• **EXERCISE REQUIREMENTS**:
In the records below, find the line with "Un espace bien-être" and the line with "Model holding boxes"; return exactly those lines and every line between them.
##### GIVEN RECORDS
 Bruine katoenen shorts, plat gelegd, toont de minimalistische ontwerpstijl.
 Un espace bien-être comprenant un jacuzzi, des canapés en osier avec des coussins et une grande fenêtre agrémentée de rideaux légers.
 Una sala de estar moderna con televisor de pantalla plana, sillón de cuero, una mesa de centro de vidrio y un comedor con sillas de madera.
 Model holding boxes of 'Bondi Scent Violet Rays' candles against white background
##########
##### GIVEN RECORDS
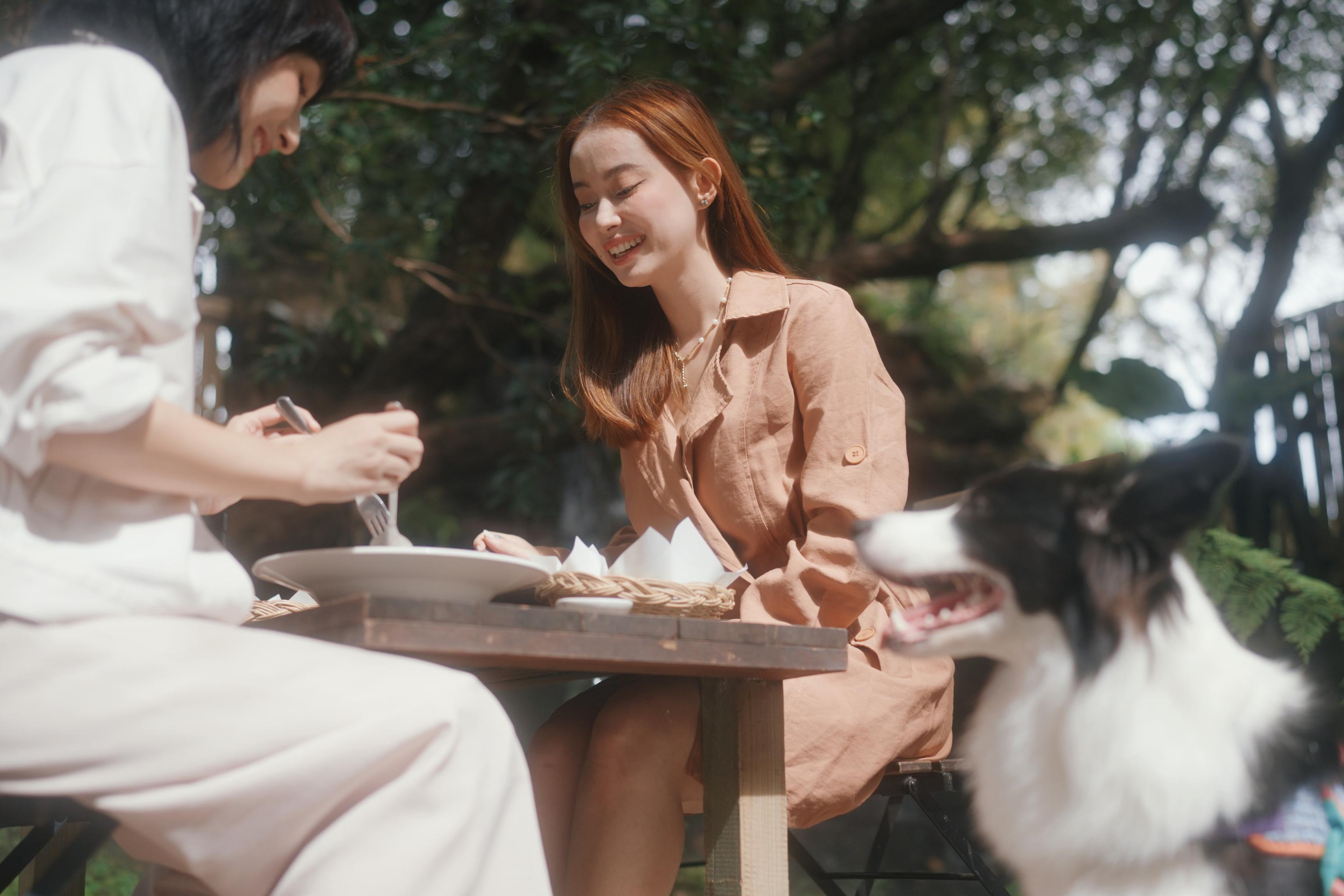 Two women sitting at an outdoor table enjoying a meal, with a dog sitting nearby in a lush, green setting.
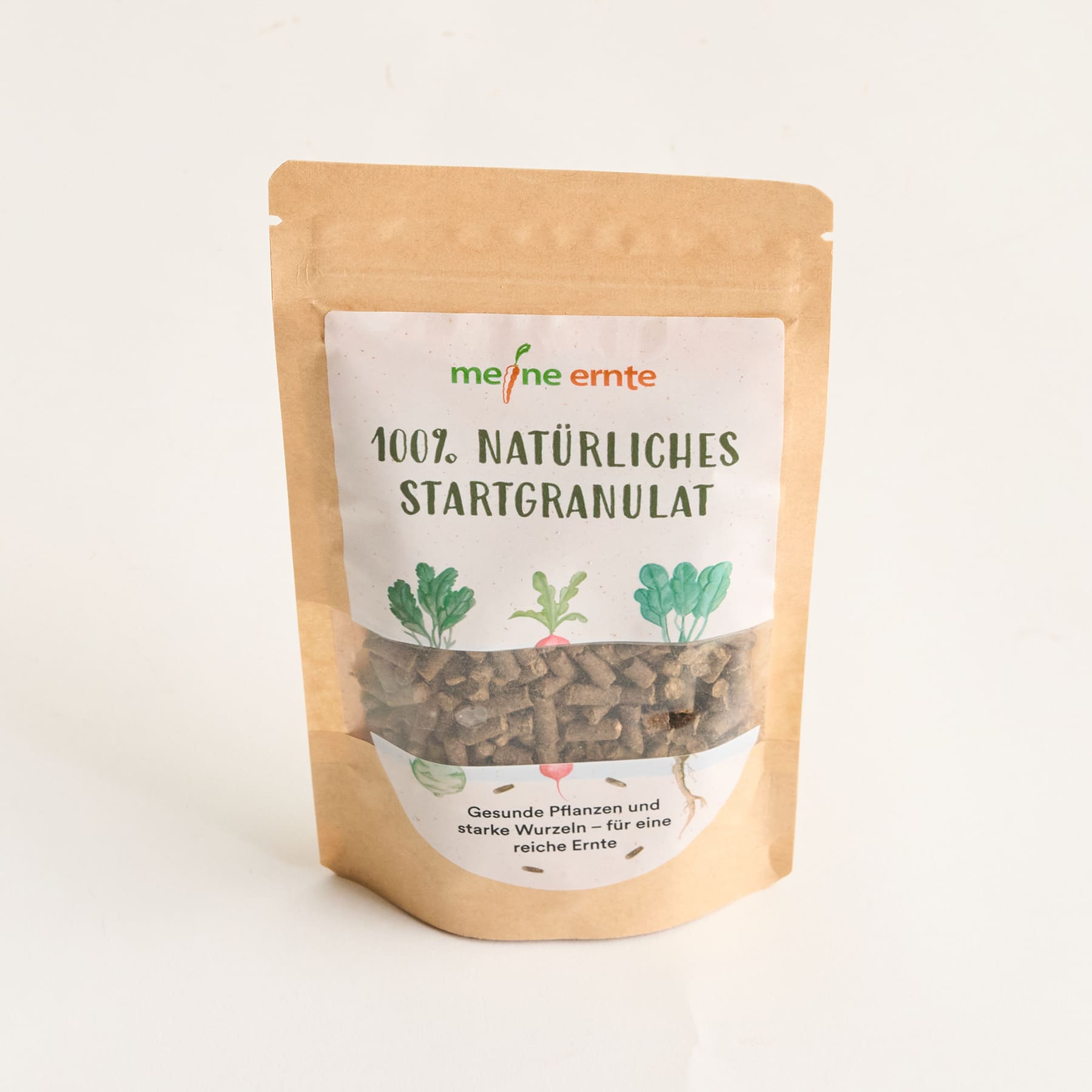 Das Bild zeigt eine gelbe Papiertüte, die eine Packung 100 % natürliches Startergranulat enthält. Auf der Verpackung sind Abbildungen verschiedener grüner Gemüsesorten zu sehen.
##########
• **OUTPUT OF THE TASK**:
 Un espace bien-être comprenant un jacuzzi, des canapés en osier avec des coussins et une grande fenêtre agrémentée de rideaux légers.
 Una sala de estar moderna con televisor de pantalla plana, sillón de cuero, una mesa de centro de vidrio y un comedor con sillas de madera.
 Model holding boxes of 'Bondi Scent Violet Rays' candles against white background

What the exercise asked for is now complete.